Scott Roberts, Chief Information Security Officer de UiPath, identifie la confiance comme le déterminant principal du déploiement à l’échelle. Selon lui, les agents d’IA sont désormais utilisés pour des flux de travail sensibles traversant l’ensemble de l’organisation, et la certification AIUC-1 apporte à ses clients une validation indépendante que ces agents sont conçus pour protéger leurs données, rester dans les limites approuvées et résister aux attaques sophistiquées. Cette formulation traduit un changement de registre dans la communication de l’éditeur, la sécurité n’étant plus présentée comme une caractéristique du produit, mais comme une condition de l’adoption.

Rajiv Dattani, cofondateur de l’AIUC, précise que l’obtention de cette certification impliquait de soumettre la suite d’IA agentique de UiPath à plus de 2 000 évaluations techniques et à un audit complet des politiques d’IA et des garde-fous techniques. Il y lit une démonstration de l’engagement de l’éditeur en faveur d’un déploiement responsable dans les environnements d’entreprise, une formulation qui pèse son poids dans un marché où les déclarations d’intention sur la sécurité des agents restent largement non étayées.
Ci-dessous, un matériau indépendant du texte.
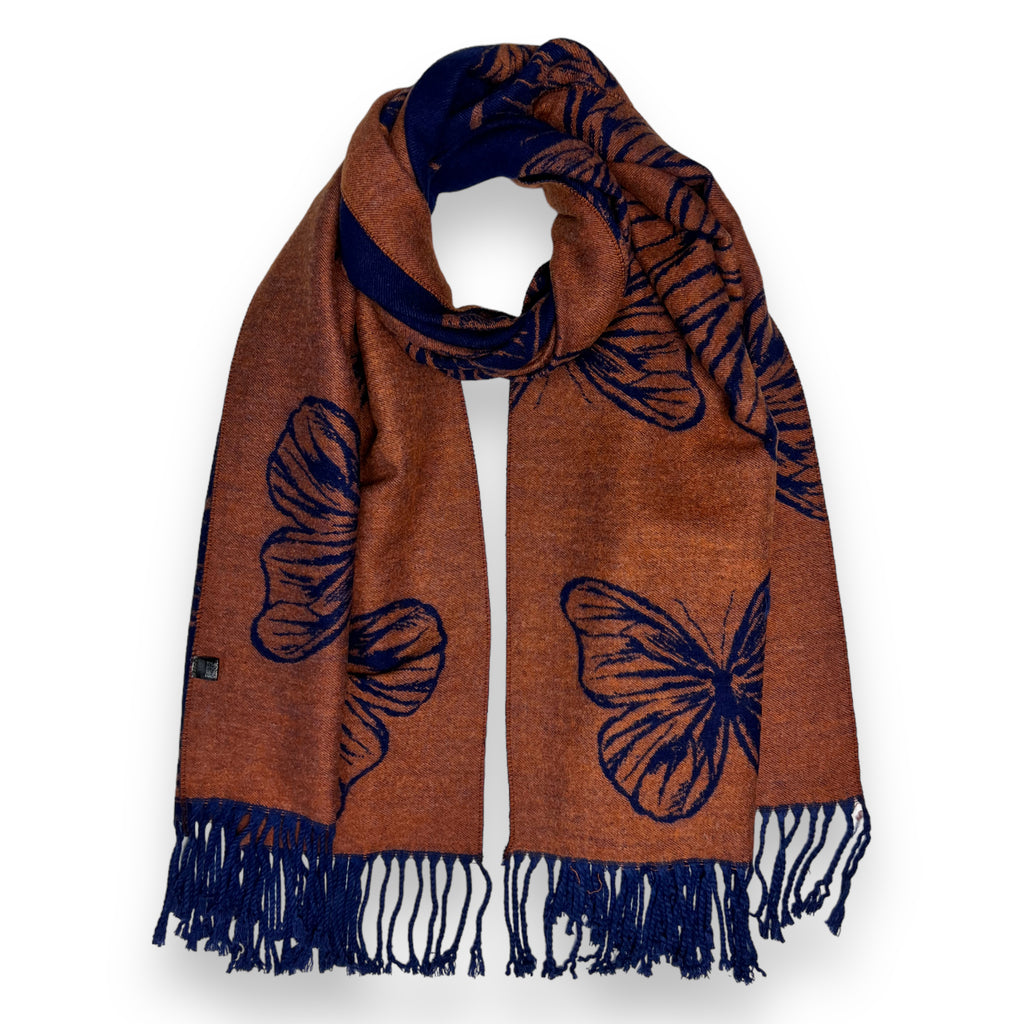Butterfly Print Cashmere Blend Reversible Winter Scarf Rust Brown - SKRF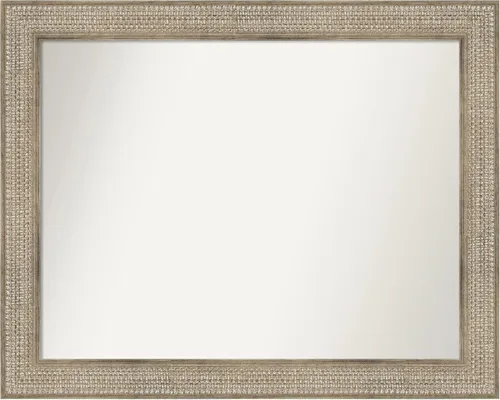 Miniatura 232 de Amanti Art Espejo de baño plateado para sobre fregadero, 26 x 26 pulgadas, espejo cuadrado de níquel pulido, marco de madera tradicional mediano, se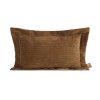 Obliečka na vankúš zo ženilovej tkaniny Eva Minge Elegant1 v hnedej farbe s jemnými prúžkami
Une norme construite avec Stanford, le MIT et la Cloud Security Alliance

La norme AIUC-1 a été élaborée par l’Artificial Intelligence Underwriting Company, fondée par des experts issus notamment d’Anthropic, en partenariat avec le cabinet Orrick, Stanford, le MIT, la Cloud Security Alliance et MITRE. Ce positionnement académique et institutionnel lui confère une légitimité que n’ont pas les certifications produites en interne par des acteurs de l’industrie. L’ambition affichée est de constituer une infrastructure de confiance pour l’adoption sécurisée de l’IA, articulée autour de trois piliers que sont la certification, l’audit et l’assurance, conçus spécifiquement pour les agents d’IA.
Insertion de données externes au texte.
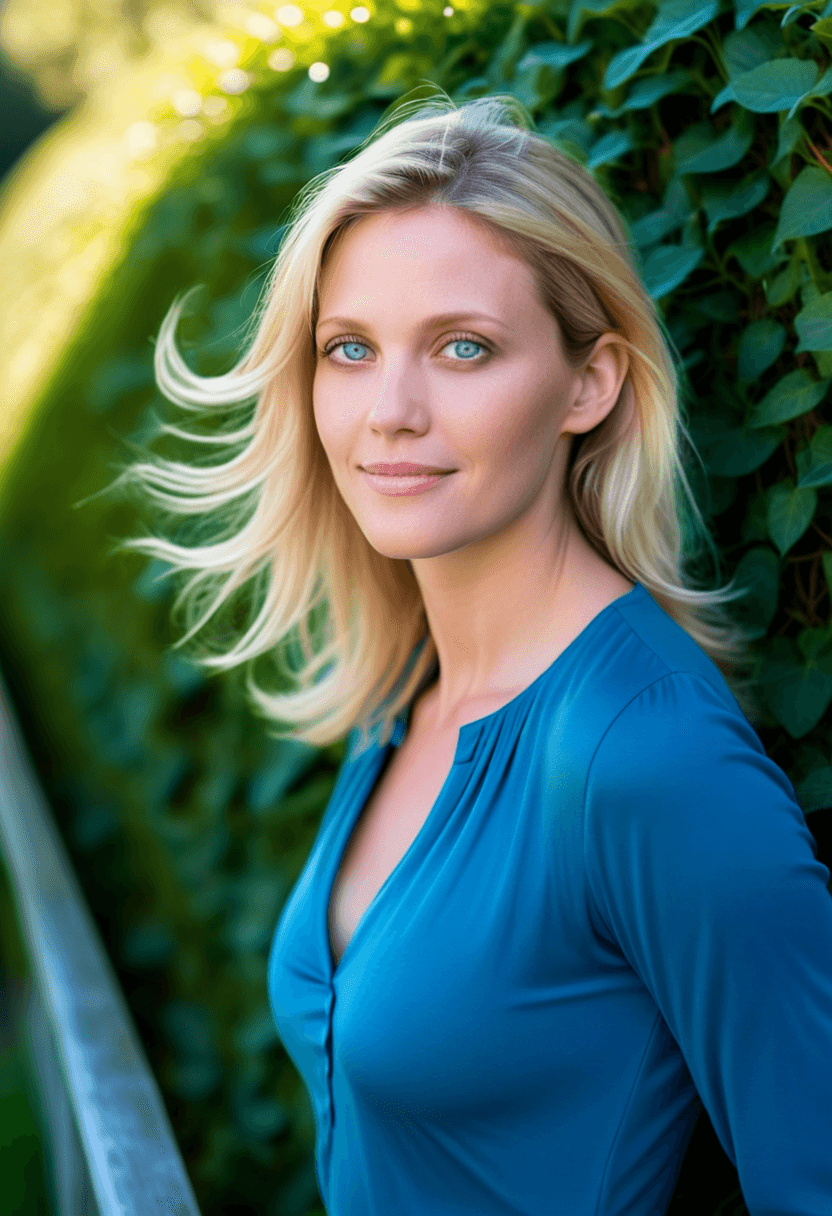 AI generated: This is a photograph, from the side, of a woman standing in front of a hedge. Beautiful light blue e...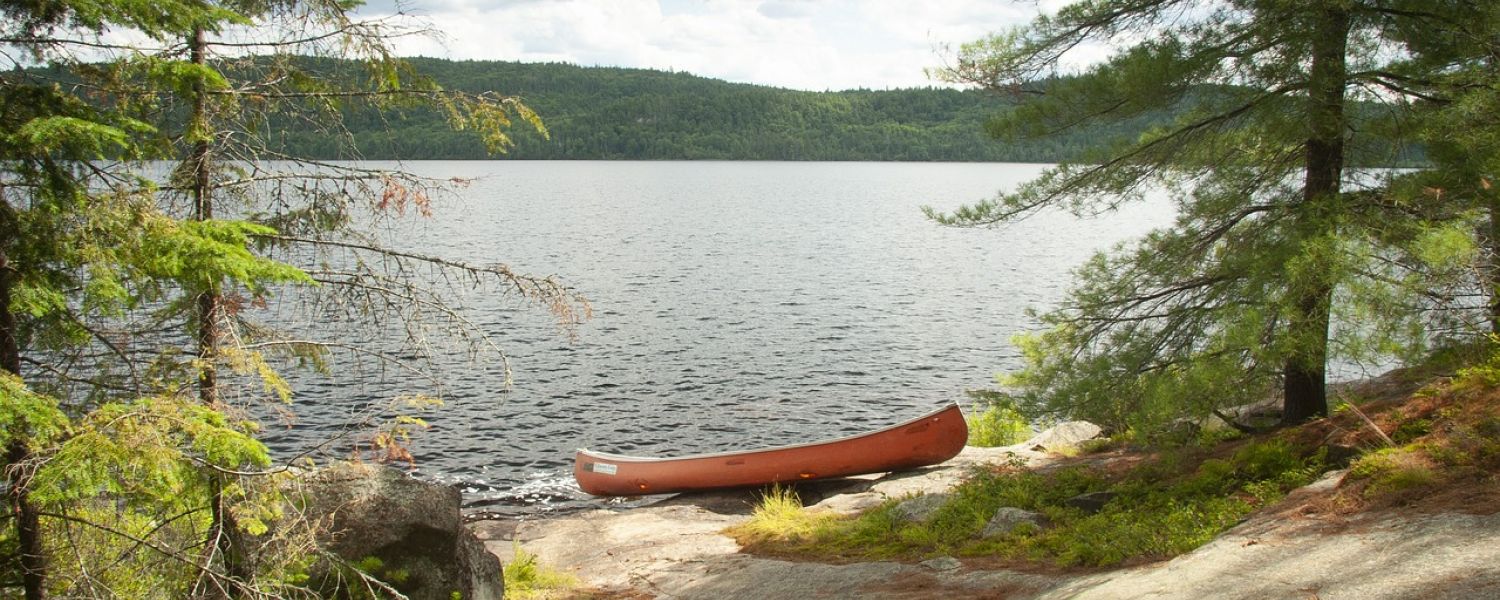 A canoe on the shore of a lake
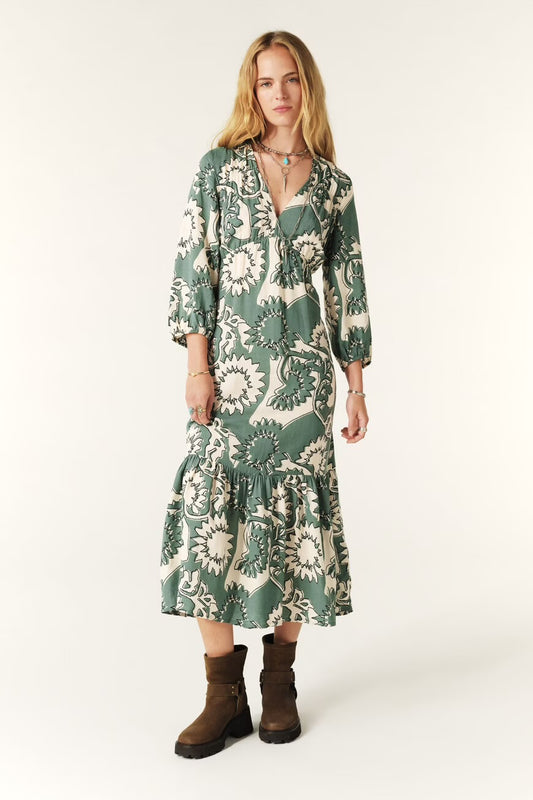 Ba&sh Green Ferae Print Dress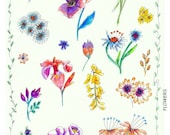 Spring Flowers Illustration-Download and print-Collage Sheet-300 DPI-003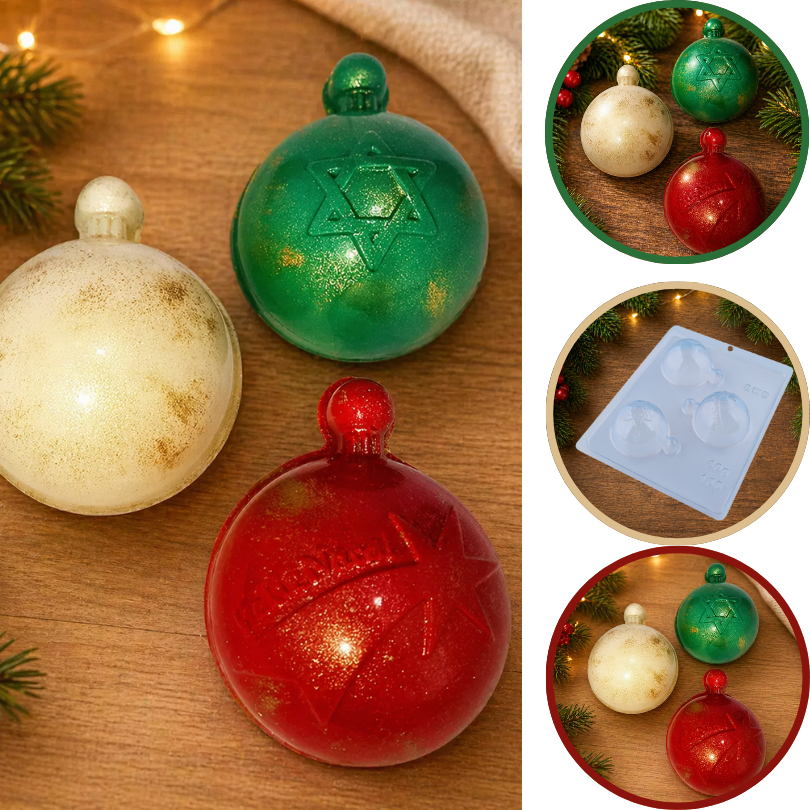 1~5 Forma BWB Com Silicone (3 partes) Para Chocolate Cód.155 - Bolas para Enfeite de Natal 140g. Natal. (CHOCO)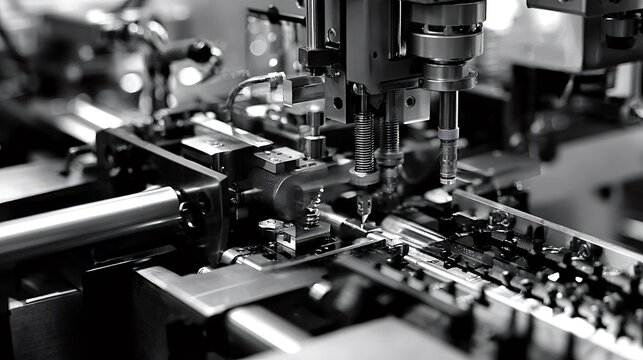 Industrial robotic machinery performing precision manufacturing assembly process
Pour les équipes de sécurité et de conformité, la distinction avec les cadres généraux est à prendre en compte. Un référentiel comme l’ISO 42001 couvre la gestion des systèmes d’IA dans sa globalité, là où l’AIUC-1 descend au niveau du comportement de l’agent dans des conditions dégradées, sous attaque ou lors du traitement de données confidentielles. Les deux certifications se complètent et UiPath détient désormais les deux, mais elles ne répondent pas aux mêmes questions de vérification.

Démythifier l’automatisation agentique

UiPath occupe pour l’instant la position du premier certifié, mais la logique même de l’AIUC-1 suggère que cette solitude sera temporaire. La certification a précisément été conçue pour devenir un standard ouvert, applicable à l’ensemble des plateformes d’automatisation agentique, et non un avantage concurrentiel réservé à son premier lauréat. Son objectif affiché est de démythifier les craintes que les entreprises projettent sur les agents d’IA en production, en substituant à des engagements contractuels une vérification technique indépendante et reproductible. Pour les organisations européennes, ce premier pas reste cependant insuffisant en l’état.
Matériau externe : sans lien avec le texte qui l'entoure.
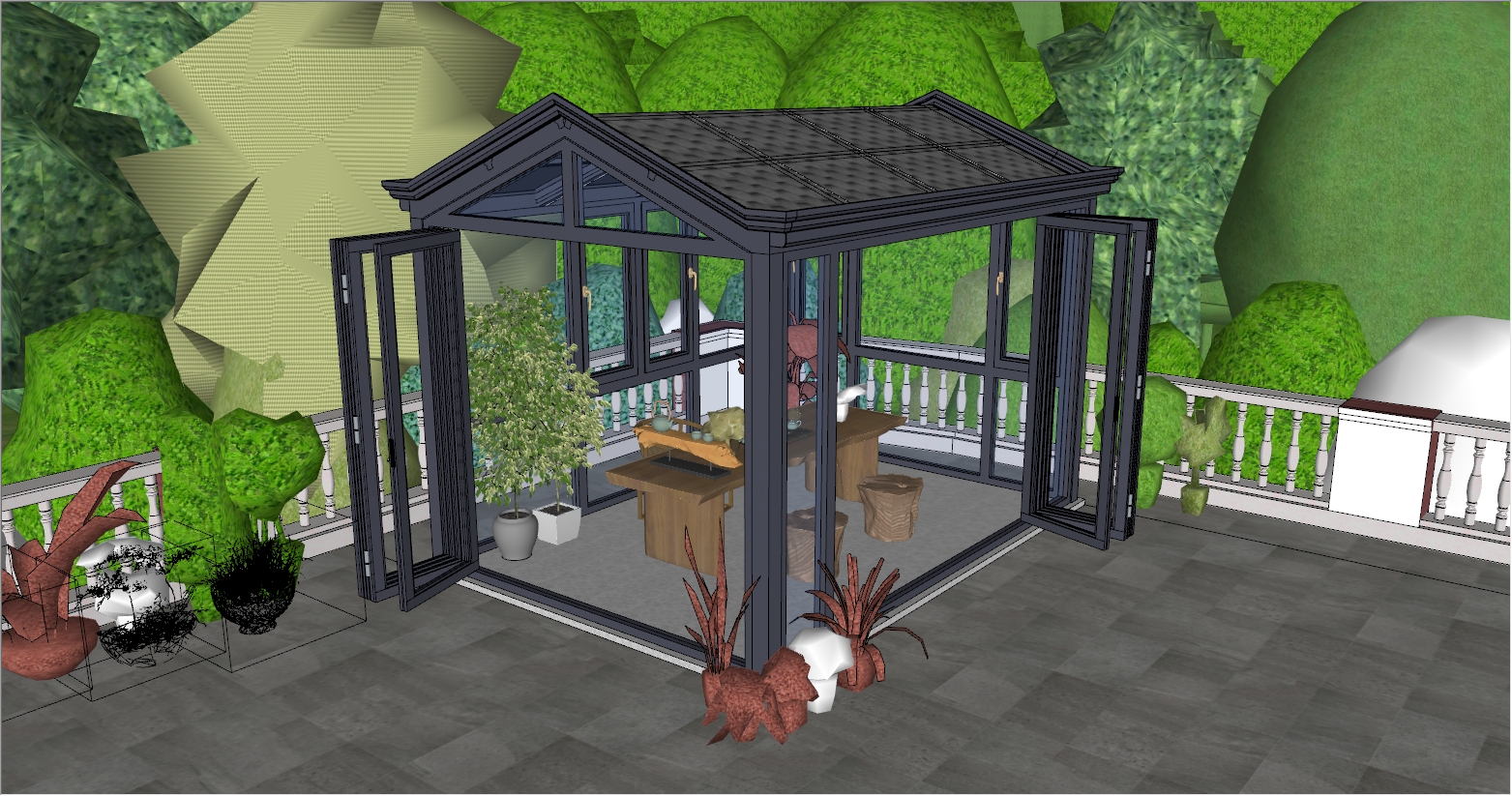 现代滨海风格阳光房茶室设计SU效果图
L’AIUC-1 n’a pas été construite dans le cadre réglementaire de l’AI Act, elle ne couvre pas les exigences de transparence algorithmique ni les obligations de traçabilité imposées aux systèmes d’IA à haut risque, et elle ne répond pas aux questions de localisation des données qui conditionnent la conformité en Europe. Elle constitue un socle de confiance technique solide, mais les DSI et les RSSI opérant sous droit européen devront la combiner avec d’autres cadres pour satisfaire l’ensemble de leurs obligations.